In a period where we refuse to be guided by religious doctrine and have crafted political perspectives too highly tailored to unite more than a simple majority behind a presidential candidate, do we have the individual media literacy and social awareness to make our own decisions on our media consumption?
I would hope that, despite social media’s manipulation of our values, the majority of audiences still have the moral compass not to embrace transphobia while consuming Dave Chapelle or J.K. Rowling’s work, and not to endorse pedophilia while watching Rosemary’s Baby.
If an individual is seeking to understand modern art through an investigative sociological lens, consciously engaging with problematic work instills it with a new historical value independent of artists’ intentions or backgrounds. If any of this consumption makes an individual uncomfortable or offended, I would hope that they have the self-respect to steer away from it without imposing their own ideologies on other more neutral audiences.

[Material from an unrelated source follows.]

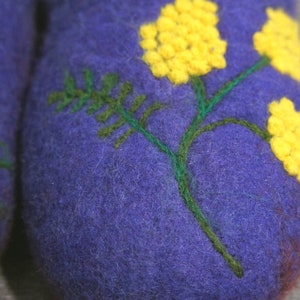 May include: A pair of purple felted wool slippers featuring an embroidered design of green stems and bright yellow mimosa flowers. The textured wool surface displays detailed needlework with vibrant yellow clusters and dark green foliage.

American law and order has done a decent job putting an end to true offenders in the entertainment industry and likely still has much work to do. Guidelines and policies on the production side of our entertainment continue to update with the times to ensure our films, music, and other media are produced legally and ethically.
Clickbait, ragebait, thumbnails, and cancellations may offer catharsis against deemed cultural offenders, but the merit of great art seems to dictate its importance and legacy despite–or perhaps elevated by–even its most questionable creators.